On Thursday, Ripple Labs and the US Securities and Exchange Commission (SEC) encountered a significant hurdle in their ongoing legal battle, as Judge Analisa Torres denied their joint request for an indicative ruling.
This ruling comes despite both parties expressing a desire to resolve the case amicably, suggesting that the legal dispute will continue for the time being.
Ripple Remains Under Scrutiny
Market expert Pumpius highlighted the implications of this ruling in a detailed social media post, emphasizing the message sent by Judge Torres.

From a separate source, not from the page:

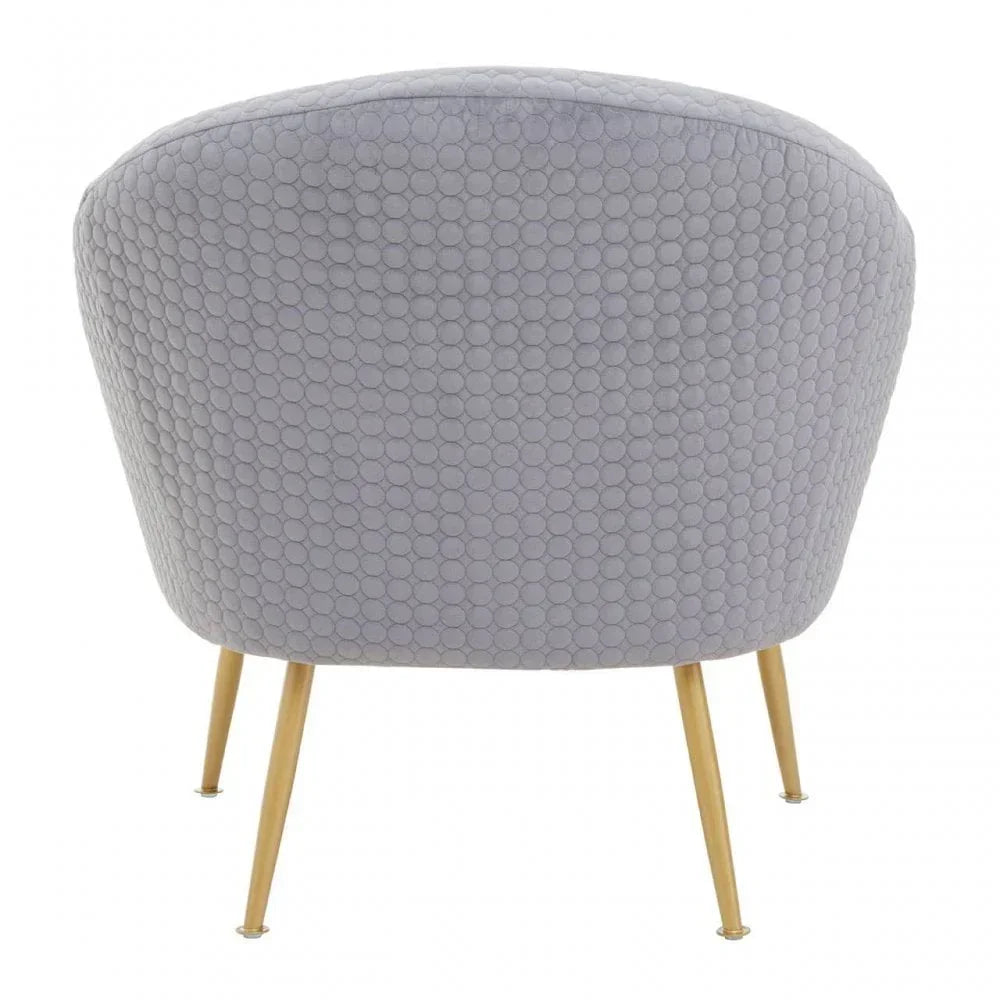 Grey fabric accent chair with hexagonal pattern and gold metal legs, rear view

The joint motion sought to dissolve a permanent injunction against Ripple and reduce the company’s $125 million penalty by 60%. However, Judge Torres firmly rejected both requests, signaling that there would be no shortcuts or behind-the-scenes arrangements in this case.

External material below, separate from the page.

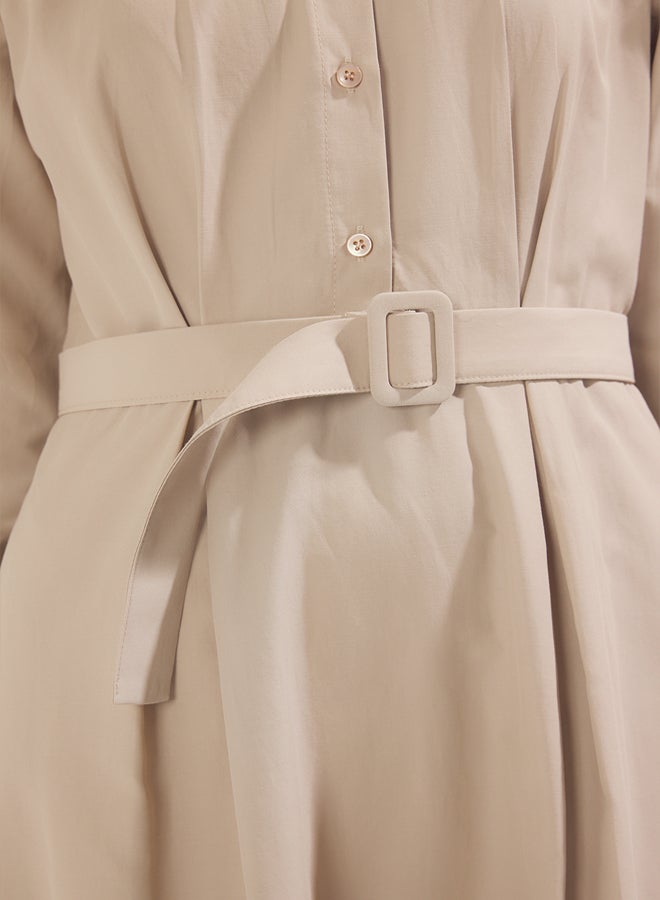 trendyol Beige Shirt Collar Fabric Belted Woven Dress - Image 3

Pumpius questioned the sudden alignment of interests between Ripple and the Securities and Exchange Commission, prompting speculation about the motivations behind their cooperation.
The expert decoded the situation, noting that Ripple had previously admitted fault through a settlement, and the SEC was eager to maintain the terms of that deal.

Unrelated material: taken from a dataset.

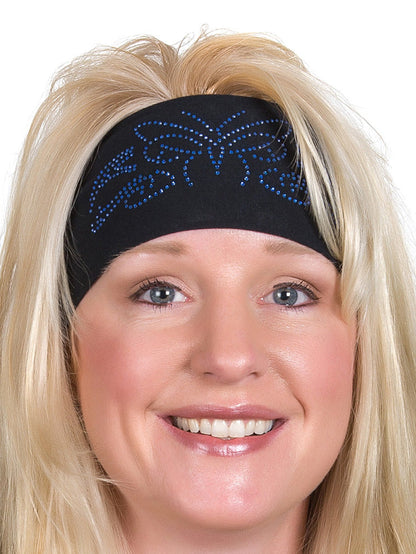 Tie-back Stretchy Rhinestone Bandana Tribal Butterfly Design, 3 Colors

Both parties aimed to eliminate the injunction and penalty to allow Ripple a cleaner exit from the legal entanglement. However, Judge Torres’s denial of this request ensures that Ripple remains under scrutiny, with the $125 million fine and injunction still in effect.
Court Denial As Tactical Delay?
This ruling does not undermine Ripple’s earlier victory in 2023, where XRP was declared not a security in secondary sales. Yet, the denial keeps the existing penalties in place, raising concerns among Ripple’s supporters and potentially impacting XRP’s market performance.
The ruling is perceived as a power play, suggesting that the blockchain payment company seeks to finalize its operations before a pivotal shift in the cryptocurrency landscape.
Speculation arises regarding the SEC’s motivations for aligning with Ripple in their request to end the case. The expert theorizes that both parties are strategizing for a significant liquidity migration in the crypto market, with the SEC possibly signaling which platforms will dominate in the future.
While this setback may seem discouraging, it is viewed by Pumpius as a tactical move. The delay in resolving the legal issues surrounding the crypto firm could suppress XRP’s price temporarily, potentially spooking retail investors while allowing institutional players to accumulate more assets quietly.
In essence, Judge Torres’s ruling emphasizes transparency in the legal process, insisting that any future motions must occur in full view of the court and the public.
Ripple retains its critical victory regarding XRP’s status as a non-security for retail use, but the ongoing penalties and the appeals process will likely unfold at a slower, more visible pace.
When writing, XRP trades at $2.14, down over 4% in the 24-hour time frame following Judge Torres’ ruling.